Data excerpts:
────────────────────────────────────────

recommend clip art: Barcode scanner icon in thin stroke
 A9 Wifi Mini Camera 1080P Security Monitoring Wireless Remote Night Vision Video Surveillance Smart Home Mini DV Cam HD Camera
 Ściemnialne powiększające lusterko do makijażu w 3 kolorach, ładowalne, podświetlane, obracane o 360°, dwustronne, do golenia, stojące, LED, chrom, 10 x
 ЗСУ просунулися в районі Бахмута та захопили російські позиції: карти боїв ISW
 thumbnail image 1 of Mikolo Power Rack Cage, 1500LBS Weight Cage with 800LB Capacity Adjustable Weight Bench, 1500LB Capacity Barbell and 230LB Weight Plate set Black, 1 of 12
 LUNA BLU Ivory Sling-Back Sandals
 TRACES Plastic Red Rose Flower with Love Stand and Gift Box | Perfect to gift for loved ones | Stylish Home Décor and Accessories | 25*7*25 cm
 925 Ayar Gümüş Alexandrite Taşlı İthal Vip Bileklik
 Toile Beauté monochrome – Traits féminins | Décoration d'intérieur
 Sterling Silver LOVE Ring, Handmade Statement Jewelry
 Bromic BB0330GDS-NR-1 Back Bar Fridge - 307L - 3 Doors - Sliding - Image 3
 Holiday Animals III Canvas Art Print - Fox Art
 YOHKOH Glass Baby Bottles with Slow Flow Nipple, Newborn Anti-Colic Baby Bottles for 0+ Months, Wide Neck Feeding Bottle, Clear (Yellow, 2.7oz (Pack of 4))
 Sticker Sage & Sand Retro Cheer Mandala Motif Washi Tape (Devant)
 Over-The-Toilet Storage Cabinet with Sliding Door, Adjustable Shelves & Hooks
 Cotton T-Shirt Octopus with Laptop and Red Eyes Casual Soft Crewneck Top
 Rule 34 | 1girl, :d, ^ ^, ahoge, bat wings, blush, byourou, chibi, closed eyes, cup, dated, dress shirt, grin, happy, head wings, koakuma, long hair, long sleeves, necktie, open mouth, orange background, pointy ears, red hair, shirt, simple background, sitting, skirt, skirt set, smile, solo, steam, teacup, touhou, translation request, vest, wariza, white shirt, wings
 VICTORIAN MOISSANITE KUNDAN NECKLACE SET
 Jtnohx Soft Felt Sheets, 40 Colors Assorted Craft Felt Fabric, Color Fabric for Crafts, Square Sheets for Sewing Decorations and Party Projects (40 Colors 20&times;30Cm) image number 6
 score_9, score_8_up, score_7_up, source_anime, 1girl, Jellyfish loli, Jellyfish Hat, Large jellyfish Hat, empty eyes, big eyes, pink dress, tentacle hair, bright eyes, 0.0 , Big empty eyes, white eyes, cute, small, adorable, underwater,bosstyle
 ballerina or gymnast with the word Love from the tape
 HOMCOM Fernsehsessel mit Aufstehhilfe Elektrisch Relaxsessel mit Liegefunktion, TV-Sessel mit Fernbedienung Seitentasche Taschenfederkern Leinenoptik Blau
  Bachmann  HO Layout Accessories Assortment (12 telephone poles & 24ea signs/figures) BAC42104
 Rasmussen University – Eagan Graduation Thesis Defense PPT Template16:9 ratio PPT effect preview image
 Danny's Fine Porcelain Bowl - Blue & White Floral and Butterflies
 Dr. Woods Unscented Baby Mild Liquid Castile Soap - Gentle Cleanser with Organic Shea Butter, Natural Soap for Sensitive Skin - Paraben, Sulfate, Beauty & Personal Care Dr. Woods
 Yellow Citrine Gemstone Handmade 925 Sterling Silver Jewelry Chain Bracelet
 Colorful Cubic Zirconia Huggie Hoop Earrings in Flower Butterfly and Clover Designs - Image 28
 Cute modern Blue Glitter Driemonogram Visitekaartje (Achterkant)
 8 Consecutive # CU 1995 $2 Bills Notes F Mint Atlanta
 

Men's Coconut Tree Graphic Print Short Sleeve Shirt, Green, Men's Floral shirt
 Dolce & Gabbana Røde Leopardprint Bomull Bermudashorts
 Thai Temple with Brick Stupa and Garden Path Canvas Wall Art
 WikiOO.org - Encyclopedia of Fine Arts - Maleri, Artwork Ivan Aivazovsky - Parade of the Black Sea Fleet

────────────────────────────────────────

Directions for this task:
Only a number is wanted here: the count of lines in the listing above holding the string "Adjustable".

Your solution:
2